「複雑な彼」と「64」

 三島由紀夫の「複雑な彼」を読んだ。面白かった。ヒーローのエピソードのそれぞれが面白かった。ロマンチックでもあった。特に17歳の時のマダム・サルザールとのアバンチュールは、印象的だ。一夜出会って、その朝結婚しようとする。そんなことがあるかもしれないね。17歳であるならば。そしてそれぞれが家族などのしがらみがないならば。

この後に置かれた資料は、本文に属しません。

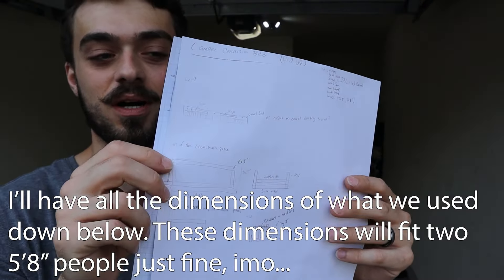We measured out the wood, which is 72 inches for the length of the bed. We cut some wood — don't forget the mask. Then we did some measurements and cut some more wood.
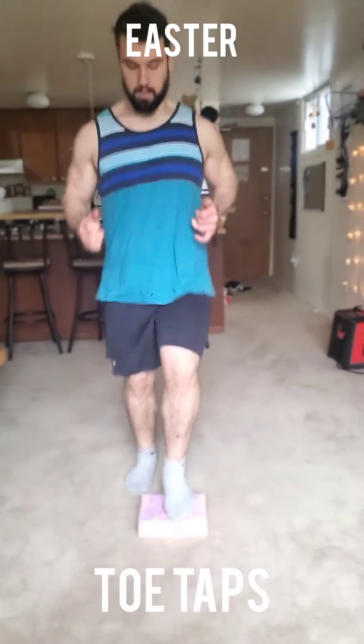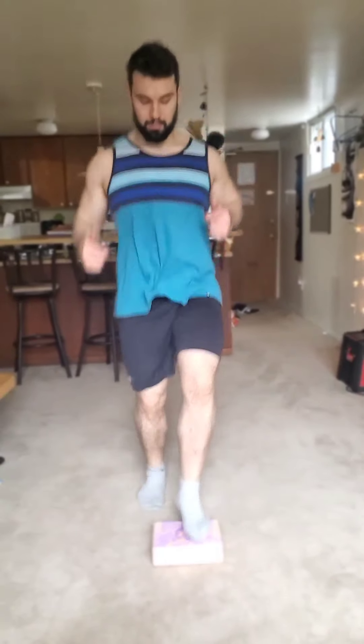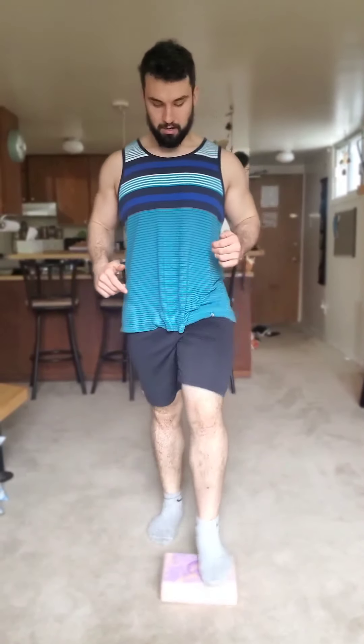The letter T, we have toe taps. Most of the weight is in your back foot. You're just gently tapping that front foot on an object — we're using a yoga block. You're welcome to use a thick dictionary or textbook for this one. You're keeping the heart rate up. If you need to modify, you can simply step your foot forward and back at a steady pace.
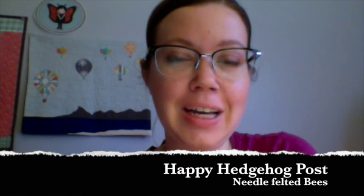Hi, I'm from Happy Hedgehog Post. Today I'm going to be showing you how to make the bees for the mobile in the June envelope section.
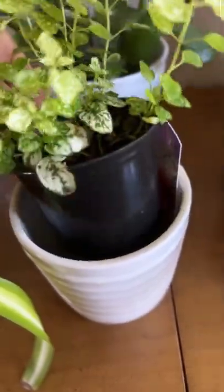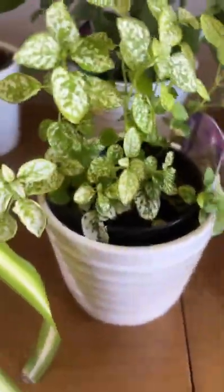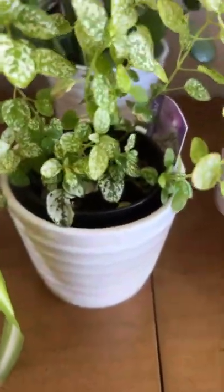If you want easy repotting, whatever plant you have in the pot that it's already in, just put it in a little bit of a bigger pot. It looks beautiful, you can repot it, and you can see the roots underneath.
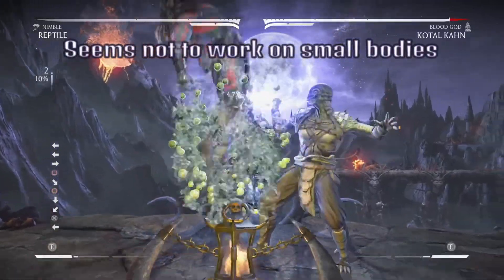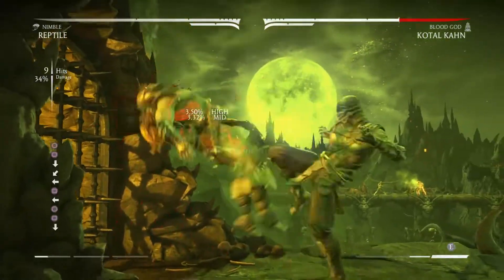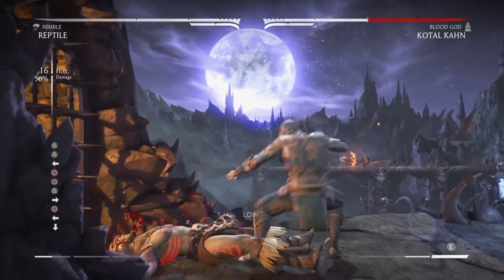Hey guys, I just want to show you this clip — I thought it'd be useful for side switching. The way to get it off is hit them kind of at the last second, lowest to the ground.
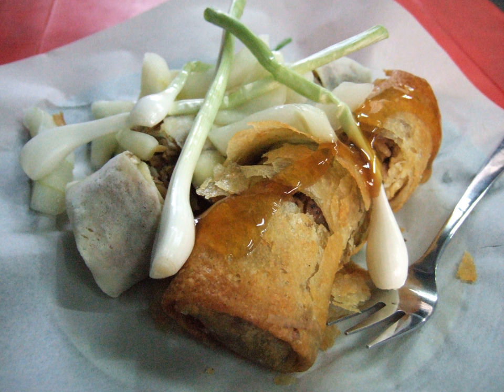The term lumpia derives from Hokkien lumpia, an alternate term for popiah. Spring rolls of different shapes, sizes and fillings have been a popular snack in East Asia and Southeast Asia for centuries. It is believed that spring rolls originated from China.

 主人公のモデルが、安部譲二とのことだ。俺は彼の著作を一つも読んでなく、彼をまったく知らない。テレビで数回見ただけだ。しかも多くの出演者の中の一人として。だからまったく彼を知らないと言っていい。しかし、モデルは彼でも、主人公宮崎譲二と現実の安部譲二は違うという気がする。小説上の主人公が余りにもかっこよすぎるからだ。余りにもヒロインに対して純情すぎるからだ。この後彼は何をするんだろう。実際の安部は何をして2013年まで過ごしてきたんだろう。現実はやはり違うだろうな。
 この小説の譲二は、三島のメルヘンだと思う。あの「潮騒」の若い恋人たちのようにね。メルヘン、良いねえ。・・・そうでなくちゃ、小説を読む意味がない。

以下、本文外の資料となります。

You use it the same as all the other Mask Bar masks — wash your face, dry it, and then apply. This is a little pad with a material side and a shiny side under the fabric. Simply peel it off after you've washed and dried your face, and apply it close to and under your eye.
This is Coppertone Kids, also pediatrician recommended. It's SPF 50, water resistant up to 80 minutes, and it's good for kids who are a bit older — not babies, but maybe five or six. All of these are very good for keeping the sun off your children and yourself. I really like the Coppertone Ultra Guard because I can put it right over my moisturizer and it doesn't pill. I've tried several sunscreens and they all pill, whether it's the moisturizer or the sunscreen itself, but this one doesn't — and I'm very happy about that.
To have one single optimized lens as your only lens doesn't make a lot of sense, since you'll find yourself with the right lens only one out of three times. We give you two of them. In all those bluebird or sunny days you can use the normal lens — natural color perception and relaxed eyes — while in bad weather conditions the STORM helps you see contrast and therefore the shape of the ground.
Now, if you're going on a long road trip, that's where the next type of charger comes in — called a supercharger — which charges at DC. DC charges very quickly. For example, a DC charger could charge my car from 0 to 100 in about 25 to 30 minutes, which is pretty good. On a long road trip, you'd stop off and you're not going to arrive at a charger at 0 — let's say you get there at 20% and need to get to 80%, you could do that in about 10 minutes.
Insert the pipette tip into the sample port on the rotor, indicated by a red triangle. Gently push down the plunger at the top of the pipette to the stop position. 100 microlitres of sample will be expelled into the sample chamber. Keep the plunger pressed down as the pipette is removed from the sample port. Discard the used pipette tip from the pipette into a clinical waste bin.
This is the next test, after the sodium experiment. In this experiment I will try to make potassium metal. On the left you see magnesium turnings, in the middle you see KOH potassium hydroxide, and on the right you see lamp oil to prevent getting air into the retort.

 そして2週間ぐらい前に読んだ「64」を思い出した。「64」は、警察小説である。
もはや、あらすじさえも思いだせないが、強烈に思ったのは、そして今もって忘れられないのは、男たちの仕事に対する誠意であった。誠意と言うか執念と言うか何というか。純粋さと言ったらいいか。俺はさわやかさを感じてしまった。欲得でない純粋さ。
 その純粋さと「複雑な彼」のヒーローの純粋さがなんか似ているような気がして連想したんだろうか。「64」は、横山秀雄の、俺の知ってる限りの最高傑作だと思う。